From the records below, output exactly the lines starting at the line with "2015-deere-410l-image-69" and ending at the line with "1339924-9-68a7493...", both of them included, but no pictures.

▸ Exercise data:

------------------------

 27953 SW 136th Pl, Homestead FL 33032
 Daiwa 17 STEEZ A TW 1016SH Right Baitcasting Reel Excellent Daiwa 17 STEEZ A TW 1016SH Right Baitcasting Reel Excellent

------------------------

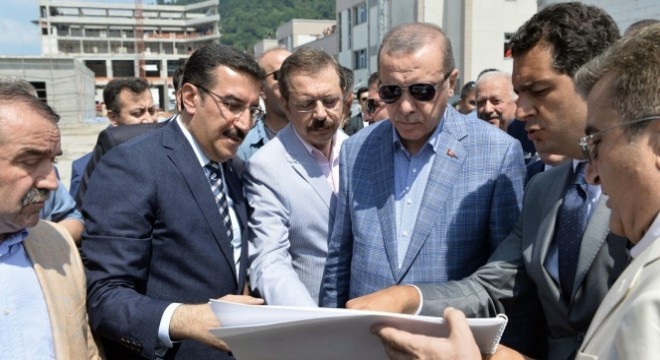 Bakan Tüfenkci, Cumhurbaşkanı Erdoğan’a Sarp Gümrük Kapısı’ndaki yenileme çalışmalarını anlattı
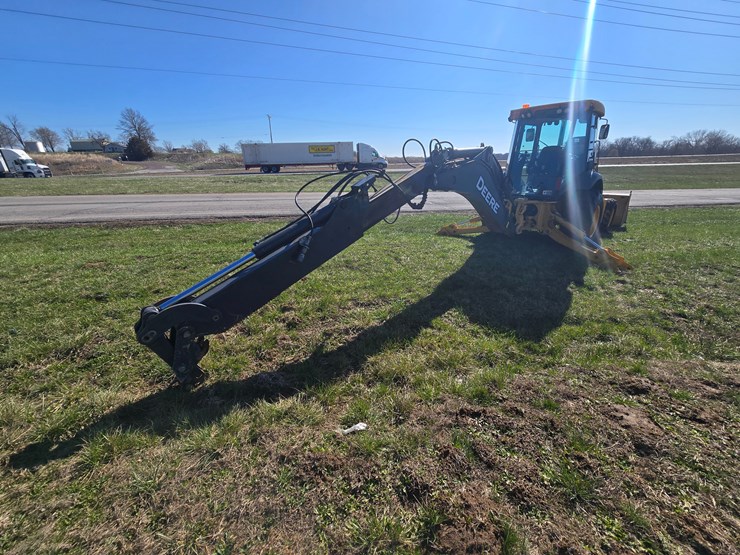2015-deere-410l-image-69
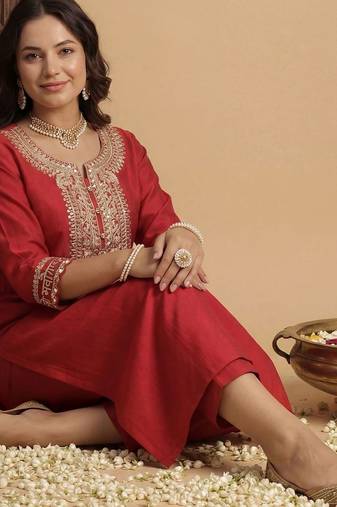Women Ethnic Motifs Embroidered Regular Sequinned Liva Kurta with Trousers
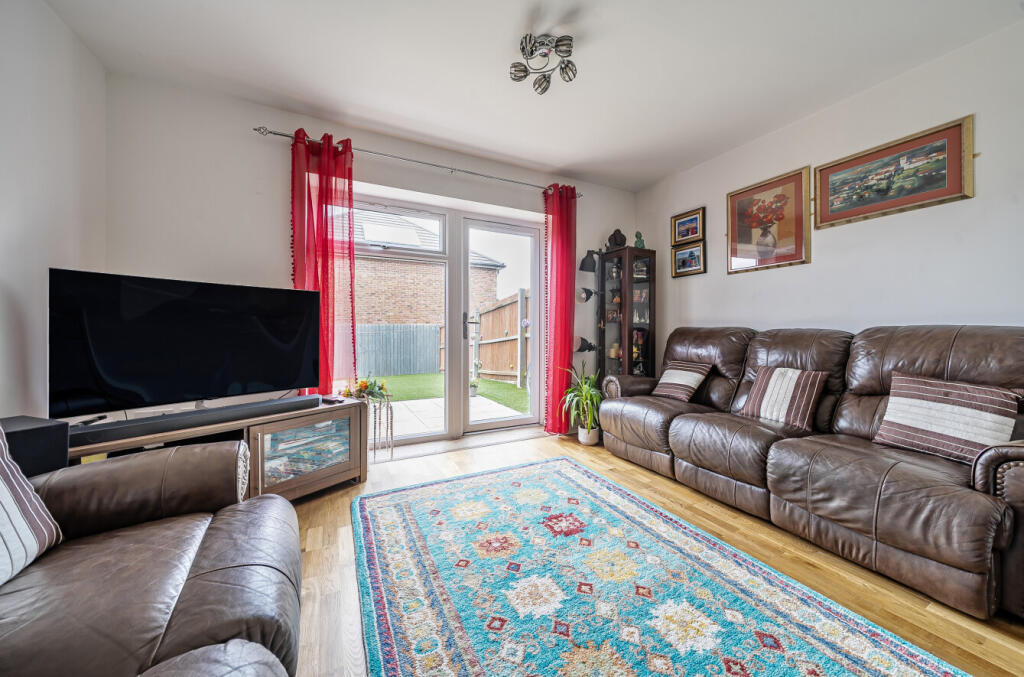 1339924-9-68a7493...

------------------------

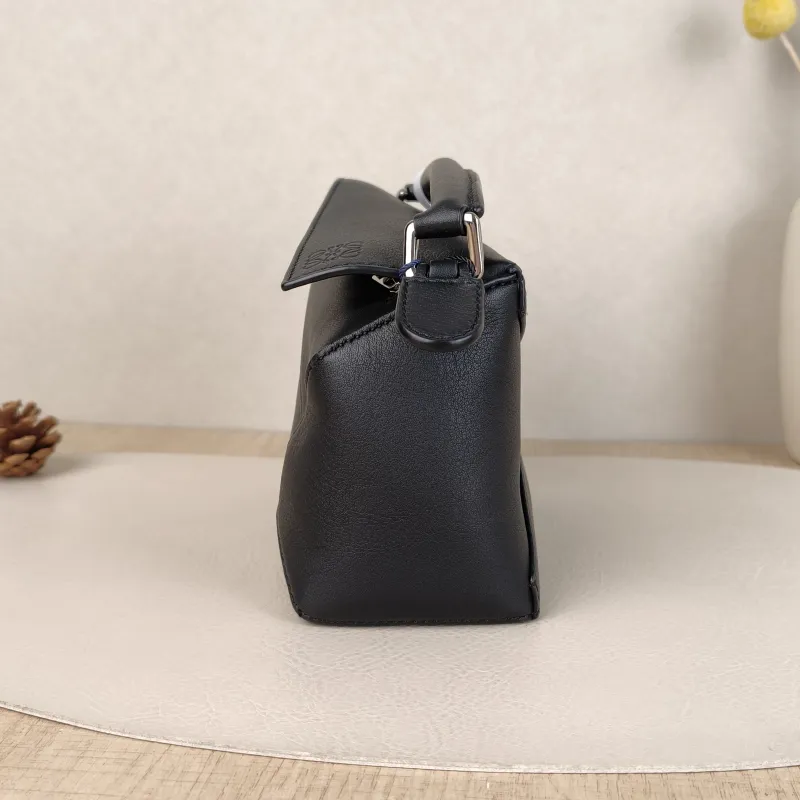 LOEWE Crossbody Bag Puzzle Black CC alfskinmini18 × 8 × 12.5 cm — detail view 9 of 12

------------------------

▸ The completed task:
2015-deere-410l-image-69
Women Ethnic Motifs Embroidered Regular Sequinned Liva Kurta with Trousers
 1339924-9-68a7493...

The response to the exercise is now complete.